After two years of squabbling over how to respond to low oil prices, OPEC has finally arrived at a solution. At its meeting on Wednesday, the cartel resolved to cut production for the first time in eight years. Beginning Jan. 1, OPEC’s members will collectively reduce their production, based on October levels, by around 1.1 million-1.2 million barrels per day, with Saudi Arabia, Iraq, Kuwait and the United Arab Emirates bearing the brunt of the drawdown. The deal, which has been under discussion since September, also aims to reduce production outside the bloc by 600,000 bpd. (Russia has already committed to take 300,000 bpd out of production, and OPEC is set to negotiate similar arrangements with other non-members in Doha, Qatar, on Dec. 9.) News of the prospective cut sent oil prices soaring almost immediately: Brent, the global benchmark for light sweet crude oil, jumped 8.54 percent on Wednesday, hitting $51.36 per barrel. Perhaps more important, the agreement demonstrates that for all its divisions, mutual distrust and weak enforcement measures, OPEC can still work together when the need arises.
The biggest stumbling block in negotiating the agreement was the bitter rivalry between two of the bloc’s most prolific producers, Iran and Saudi Arabia — neither of which would yield to the other’s demands. But even they can leave Vienna satisfied with the arrangement. Despite the great pains it required to reach, the deal does not represent a significant shift in strategy for either country.

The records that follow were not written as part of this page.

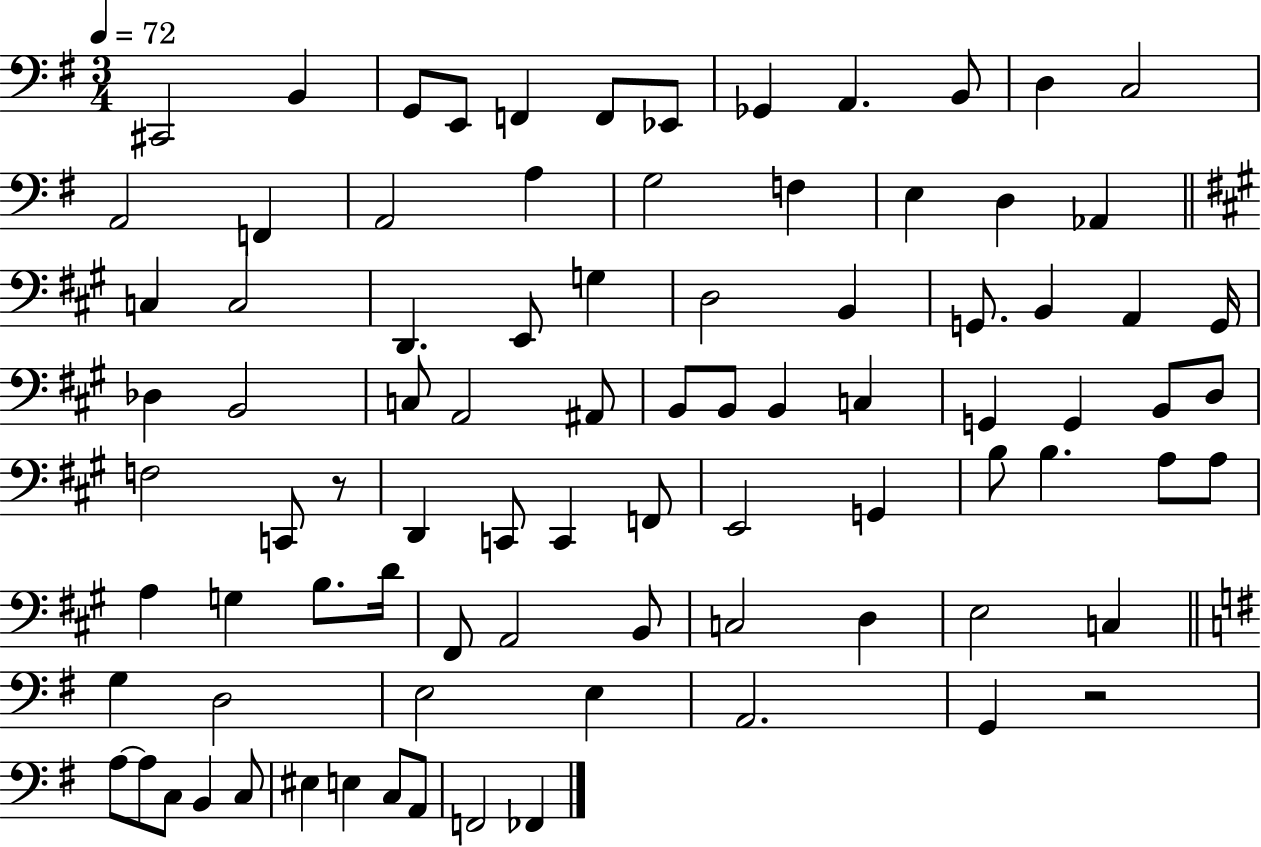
X:1
T:Untitled
M:3/4
L:1/4
K:G
^C,,2 B,, G,,/2 E,,/2 F,, F,,/2 _E,,/2 _G,, A,, B,,/2 D, C,2 A,,2 F,, A,,2 A, G,2 F, E, D, _A,, C, C,2 D,, E,,/2 G, D,2 B,, G,,/2 B,, A,, G,,/4 _D, B,,2 C,/2 A,,2 ^A,,/2 B,,/2 B,,/2 B,, C, G,, G,, B,,/2 D,/2 F,2 C,,/2 z/2 D,, C,,/2 C,, F,,/2 E,,2 G,, B,/2 B, A,/2 A,/2 A, G, B,/2 D/4 ^F,,/2 A,,2 B,,/2 C,2 D, E,2 C, G, D,2 E,2 E, A,,2 G,, z2 A,/2 A,/2 C,/2 B,, C,/2 ^E, E, C,/2 A,,/2 F,,2 _F,,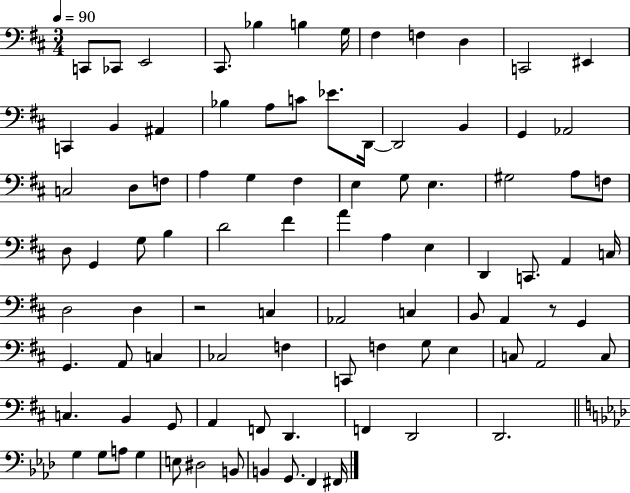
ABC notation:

X:1
T:Untitled
M:3/4
L:1/4
K:D
C,,/2 _C,,/2 E,,2 ^C,,/2 _B, B, G,/4 ^F, F, D, C,,2 ^E,, C,, B,, ^A,, _B, A,/2 C/2 _E/2 D,,/4 D,,2 B,, G,, _A,,2 C,2 D,/2 F,/2 A, G, ^F, E, G,/2 E, ^G,2 A,/2 F,/2 D,/2 G,, G,/2 B, D2 ^F A A, E, D,, C,,/2 A,, C,/4 D,2 D, z2 C, _A,,2 C, B,,/2 A,, z/2 G,, G,, A,,/2 C, _C,2 F, C,,/2 F, G,/2 E, C,/2 A,,2 C,/2 C, B,, G,,/2 A,, F,,/2 D,, F,, D,,2 D,,2 G, G,/2 A,/2 G, E,/2 ^D,2 B,,/2 B,, G,,/2 F,, ^F,,/4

When oil prices began their steady descent from a peak of $115 per barrel in June 2014 to a dismal $27 per barrel in January 2016, Saudi Arabia responded by boosting production to increase its market share overseas.
Between December 2014 and July 2015, production in the country swelled from 9.5 million bpd to 10.6 million bpd, and this year, its exports increased by 446,000 bpd from January to August. Even though Saudi Arabia agreed to curtail its production by 486,000 bpd for the duration of the six-month cut, it does not have to give up its exports. In fact, its share of the global oil market will shrink only marginally, at least for the first few months that the deal is in effect. To persuade other countries to cut production, Riyadh threatened to keep producing at its summer levels, which reach staggering heights to satisfy surging domestic demand for power generation. Because many other OPEC producers do not experience the same seasonal swings in demand, their share of the cut will come out of their exports.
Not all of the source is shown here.